One particular showcase is her arrival at British General Head Quarters in France, during the war, on the arm of a liaison officer, previously a lover.  Ostensibly there to check on Christopher, who is not much of a letter writer, she has General Campion, upper class friend of her upper class family, struggling to maintain his military air around her. Quite marvelous.

Miss Wannop herself, Valentine, is as “clean” and “strong limbed” as Ford could have hoped.  As a fence jumping suffragette and later in a girls school uniform where she teaches physical education, she is the picture of a naive, idealistic young woman who is, as is Tietjens, moving slowly away from “outmoded codes of behavior” to those new ones growing in the rumble of war.  After a hoped for liaison is interrupted, just before he goes back to the front, he says stiffly, “I suppose we’re not that sort.” She answers “No, we’re not.”  Almost two years later, after he is discharged, their love reveals itself at an impromptu soldiers reunion, as she becomes the hostess, and the mistress of his heart.

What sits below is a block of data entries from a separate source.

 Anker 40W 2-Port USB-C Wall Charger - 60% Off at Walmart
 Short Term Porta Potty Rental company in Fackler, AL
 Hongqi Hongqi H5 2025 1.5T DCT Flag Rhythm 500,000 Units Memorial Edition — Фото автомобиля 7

Though I suspect, on balance there is a higher proportion of war to home life in the books than in the series, the war, for a small budget TV series, is visually well represented.  Not in prolonged corpse throwing scenes but with dark lighting, sopping trenches, muddied faces, veery lights, and explosions done well enough to suggest the conditions the men are living in. [Stoppard speaks, in an included interview, of visiting the Stephen Spielberg set for War Horses, and feeling like a child with his nose pressed against the candy store window.]  Tietjens is shown wounded once, and has a man, whose leave he has just denied, die in his arms, creating in him the agonized question, ‘what if…?’

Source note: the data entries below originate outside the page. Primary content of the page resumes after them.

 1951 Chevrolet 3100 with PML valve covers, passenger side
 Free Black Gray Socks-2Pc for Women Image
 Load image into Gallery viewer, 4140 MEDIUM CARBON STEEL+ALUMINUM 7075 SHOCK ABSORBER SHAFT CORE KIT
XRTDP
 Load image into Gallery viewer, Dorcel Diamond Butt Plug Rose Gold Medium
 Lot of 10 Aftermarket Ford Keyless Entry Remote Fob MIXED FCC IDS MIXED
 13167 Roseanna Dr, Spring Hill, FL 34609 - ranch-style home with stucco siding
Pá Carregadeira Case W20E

As a ‘war movie” then, Parade’s End hardly qualifies,  It is not just the men at the front, or scenes of homecoming, crippled and distraught, but the war as it affected the British people, the upper classes predominantly, and the enormous changes in private and public morality. Sexual innuendo is in the air; divorce, previously rare, is no longer a scandal.  In one fine scene, an officer has returned to France, having been granted ‘divorce leave,’ and is being raked across the coals by his commanding officer for ‘not divorcing her!’  He expostulates to Tietjens, ‘They’re going to share her!’

Though heavily focused on the well-off, there is both in books and film, recognition and representation of different groups of working men, different accents, different skills — Cockney,  Darby, Cornish.  And I was very happy to see a couple of scenes of militant suffragettes out on the streets making life miserable for those who thought women had not enough brains to vote. (Women, married and over the age of 30, first voted in December, 1918, one month after the Armistice.)

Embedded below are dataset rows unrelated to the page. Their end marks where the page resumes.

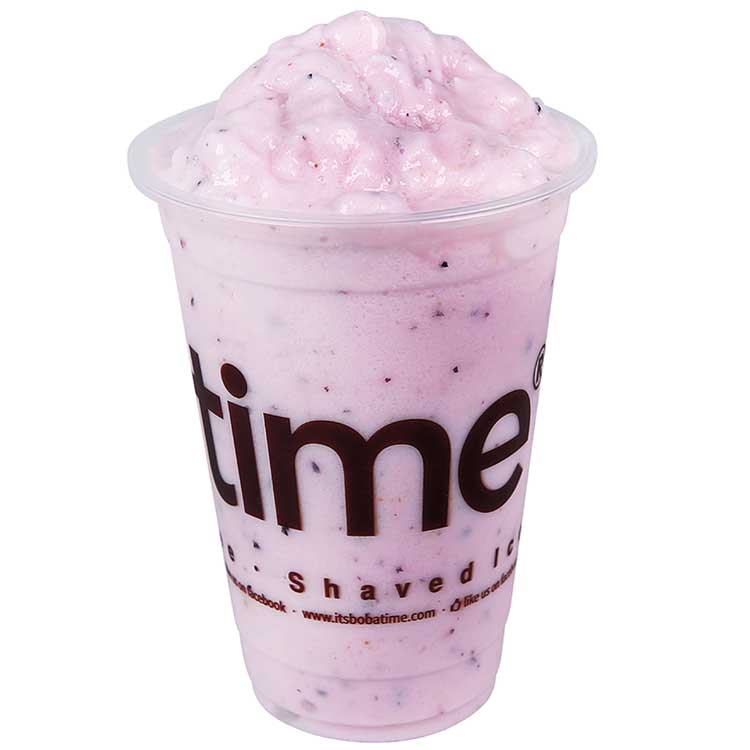 Order Blueberry Yogurt Smoothie food online from Boba Time store, Buena Park on bringmethat.com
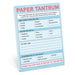Knock Knock : Paper Tantrum Nifty Note Pad (Pastel Version) -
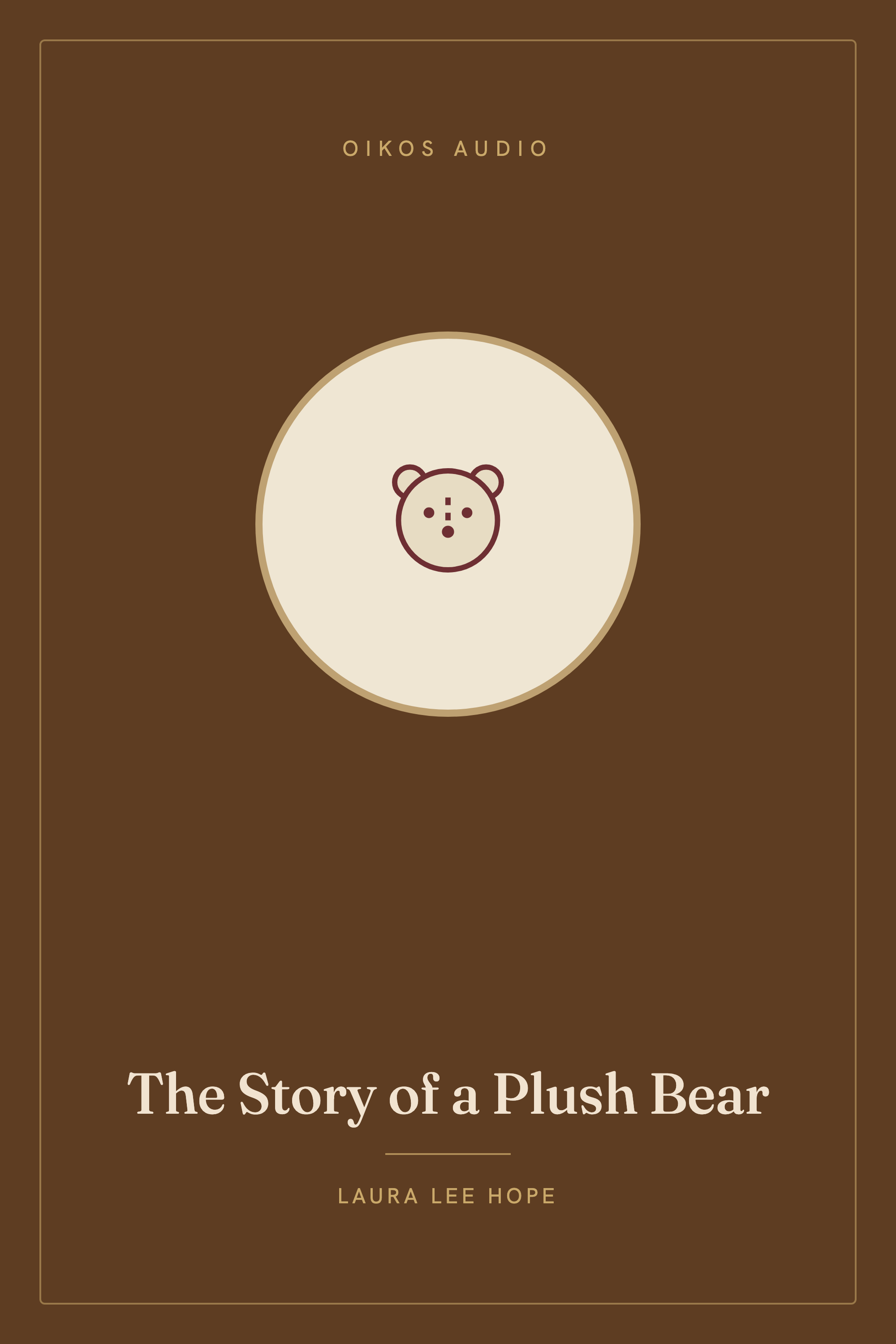 Cover of The Story of a Plush Bear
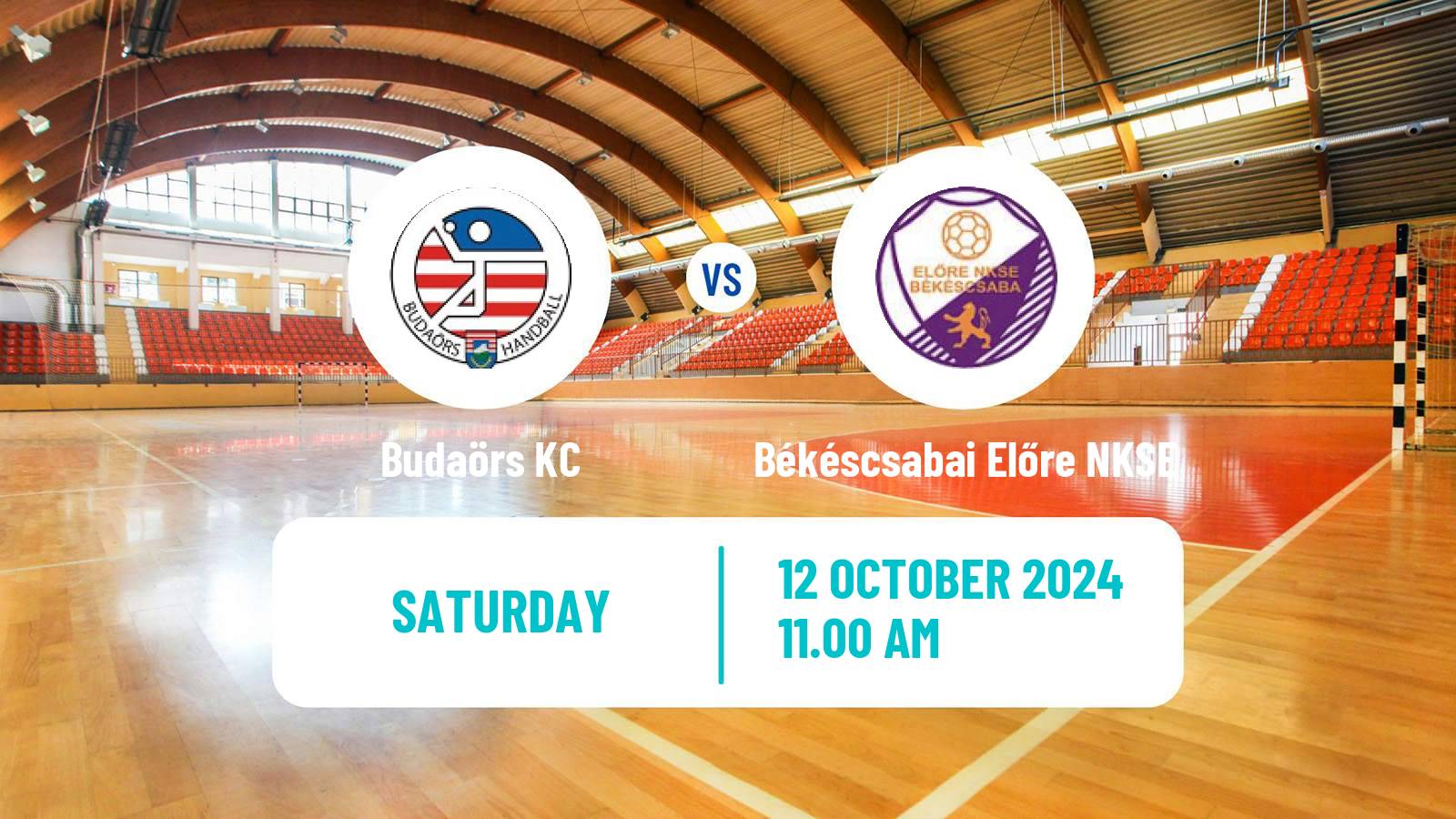 Handball Hungarian Division 1 Handball Women Budaörs - Békéscsabai Előre NKSE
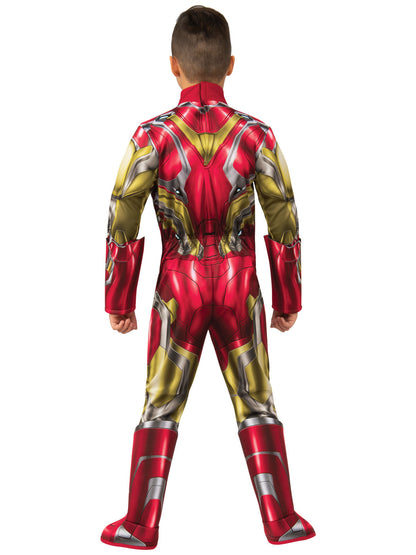 Iron Man Deluxe Kid's Costume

What is missing of course in a short series is the sumptuous detail Ford provides in the books, from stream of consciousness at the front, wandering between concern for his frightened men and memories of Miss Wannop, to sometimes excruciating discussions between officers about proper behavior, discipline and respect.  We don’t hear as much in the movie of the erudition of Teitjens or his mates — discussions of Petrarchian sonnets vs Shakespearean, the Rossettis, Cordelia, but the impression of it is strong.  They are not your rugged ass-kicking Americans.

In the novels, events are covered and re-covered, from one time to another, in one person’s eyes or another’s with the result that there is more mystery as the novel unfolds than in the movies. We may understand an early reference only in later repetition.  Like an incoming tide, the novels slowly cover long and wide stretches of time and place, lapping and re-lapping until we are fully immersed.  The TV serial does the same –with a time-lapse camera.  Its all there.  We just don’t see the minute motions.

Stoppard himself had not read the novels until he was asked to do the screen play.  He was somewhat intimidated by the length and the idea of rendering them in 5 hours. (The very fine Audible reading, by Stephen Crossley,  is 38 hours, 18 minutes) By the time he got to page 100, he says, “I was hooked.”

Try the series first and see if you aren’t.  We’re only 6 months into the 100th anniversary of the 51 month war. Plenty of time to take up the novels later.